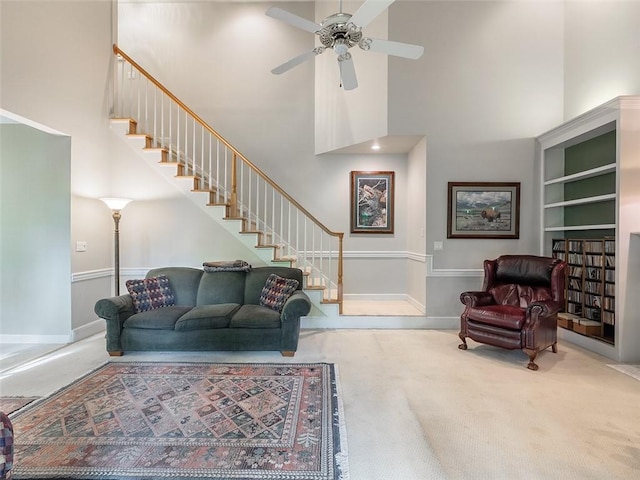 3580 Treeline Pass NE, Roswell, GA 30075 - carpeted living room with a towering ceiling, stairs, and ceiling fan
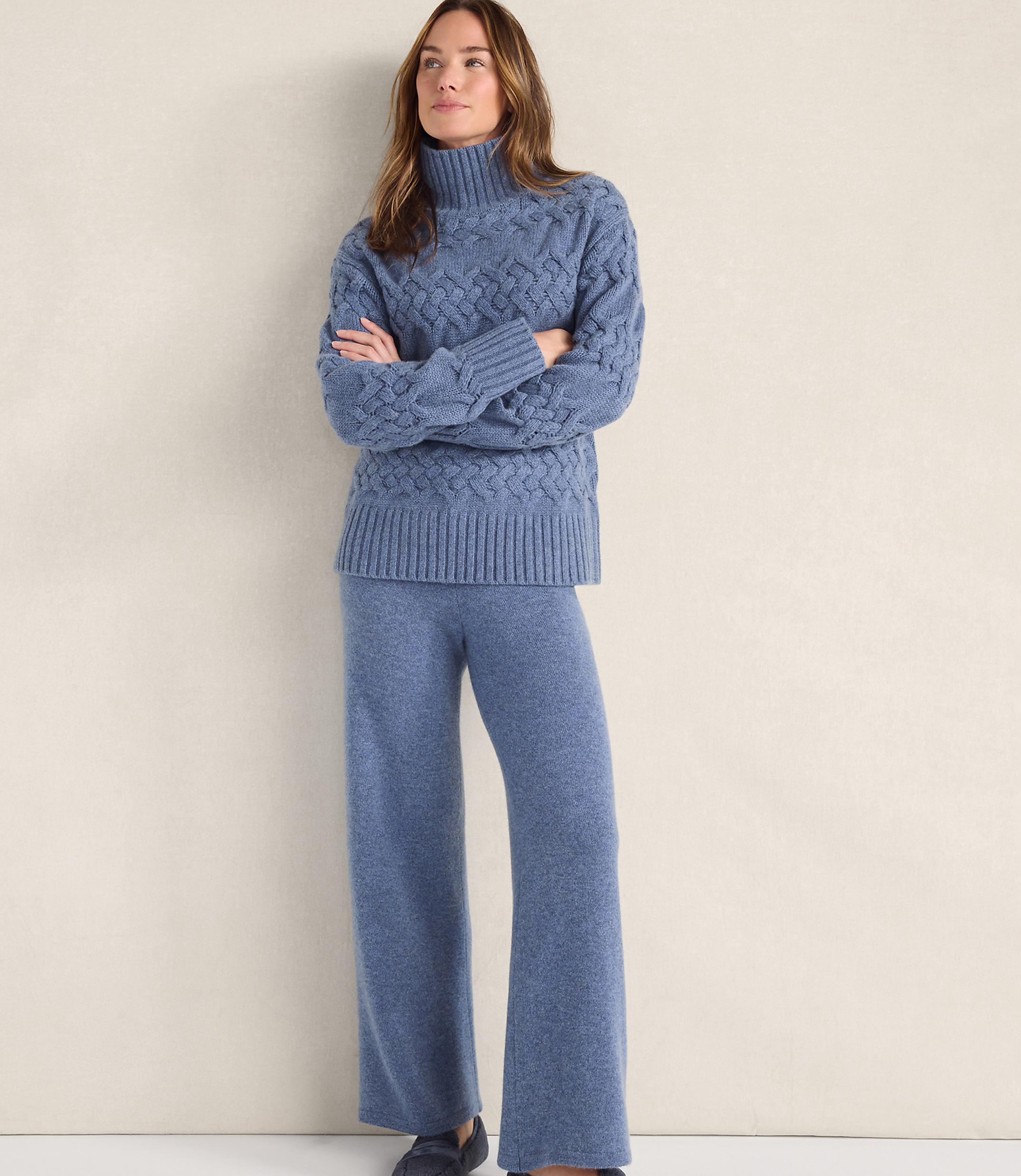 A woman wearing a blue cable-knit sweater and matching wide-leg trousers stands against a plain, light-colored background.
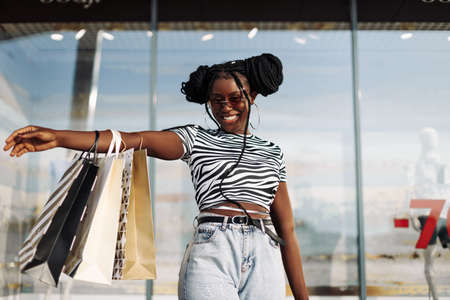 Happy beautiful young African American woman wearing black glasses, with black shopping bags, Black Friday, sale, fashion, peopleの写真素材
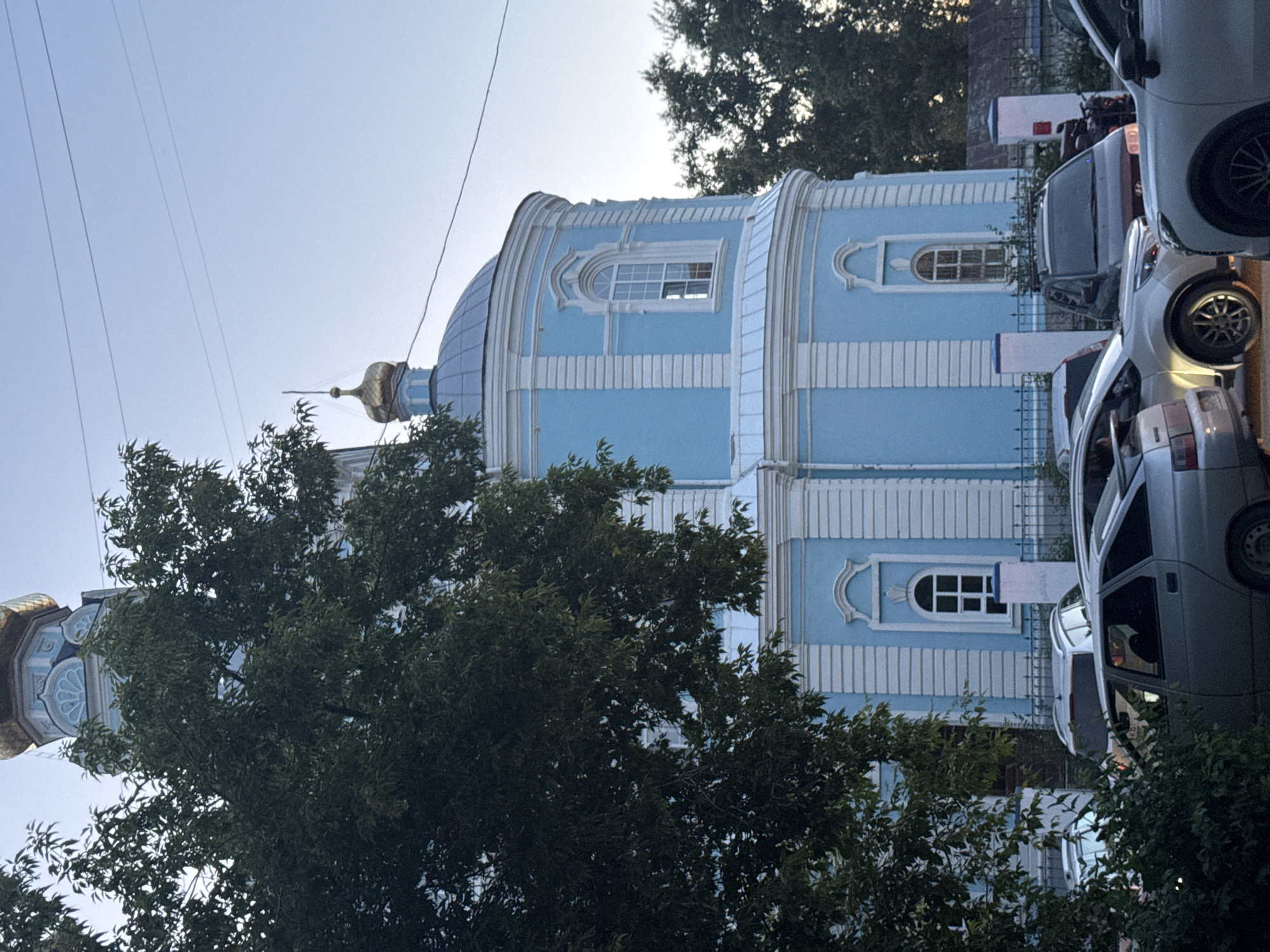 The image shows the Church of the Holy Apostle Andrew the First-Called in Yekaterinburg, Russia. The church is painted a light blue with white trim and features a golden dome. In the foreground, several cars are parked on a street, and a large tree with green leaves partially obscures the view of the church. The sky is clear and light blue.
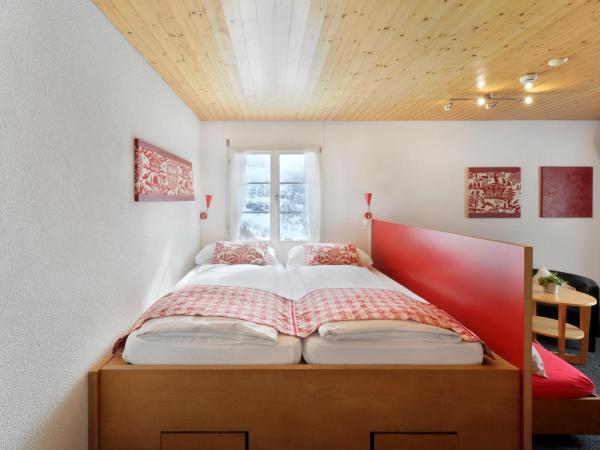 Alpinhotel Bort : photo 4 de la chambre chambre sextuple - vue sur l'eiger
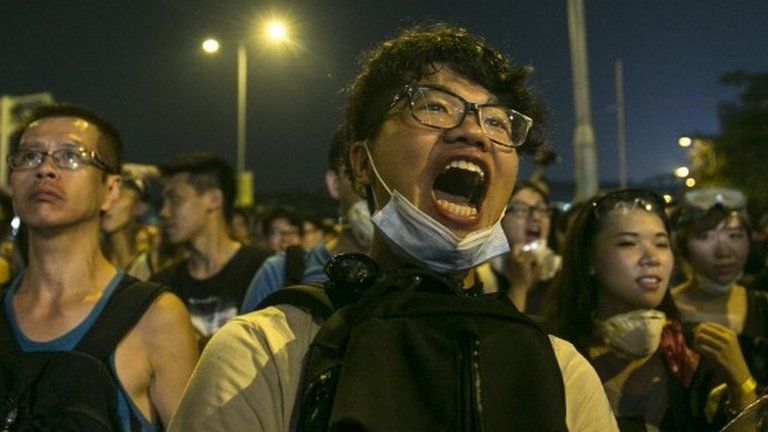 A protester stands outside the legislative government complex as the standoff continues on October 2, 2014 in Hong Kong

• • •

▶ WHAT THE TASK REQUIRES: An exact copy is required of the lines from the start of the records above through the line with "Happy beautiful young", and only those, without any pictures.

▶ RESULT BELOW:
 3580 Treeline Pass NE, Roswell, GA 30075 - carpeted living room with a towering ceiling, stairs, and ceiling fan
 A woman wearing a blue cable-knit sweater and matching wide-leg trousers stands against a plain, light-colored background.
 Happy beautiful young African American woman wearing black glasses, with black shopping bags, Black Friday, sale, fashion, peopleの写真素材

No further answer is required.